Gareth Stace, the director general of UK Steel, said it was essential the safeguards were maintained. “Failure to do so would risk surges in steel imports resulting in significant damage to UK producers, placing jobs, production, and investment at risk.”

The trade body said it was “certain” that extending the safeguards was compatible with the UK’s WTO obligations. “Crucially, the EU has just reconfirmed its own steel safeguards until June 2024 and a WTO ruling found the measures to be compliant with the rules,” Stace added.

Experts said this month’s extension deadline could be why Geidt was being asked for his opinion, but questioned why an adviser on the ministerial code was being quizzed on the legality of trade rules.

“I’m completely puzzled,” said Peter Holmes, of the UK Trade Policy Observatory at Sussex University. “Almost invariably when you introduce anti-dumping measures, you claim that what you’re doing is consistent with the WTO. So to ask Geidt’s opinion on an anti-dumping duty, it’s totally bizarre. He has no expertise in this area. You would ask Suella Braverman [the attorney general] whether it’s legal.”

David Gauke, the former Conservative justice secretary, suggested that there could be “more to this” than Britain’s compliance with WTO rules.

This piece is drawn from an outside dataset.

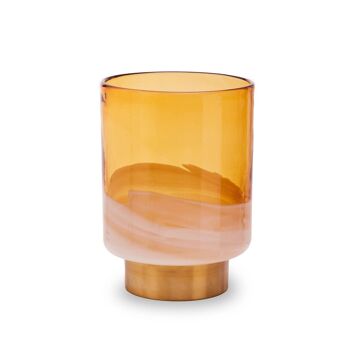 Cleo Small Amber Vase 1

Either that, or the attorney general had concluded the tariffs plan was unlawful and had proposed an alternative course of action, but that ministers were considering ploughing on anyway.

“So much for Brexit being about ‘free trade’ as the PM loses his ethics adviser because of a desire to break WTO rules in order to put illegal tariffs on steel,” he tweeted.

The prime minister’s spokesperson said Johnson thought it was right to consult Geidt and get his view on how this interplayed with the ministerial code.

The WTO said its secretariat was not authorised to interpret WTO agreements, and would not comment on the domestic policies of any of its members. Trade disputes are brought to the WTO when one member feels that another member’s trade practices affect world trade in a manner contrary to the organisation’s agreements.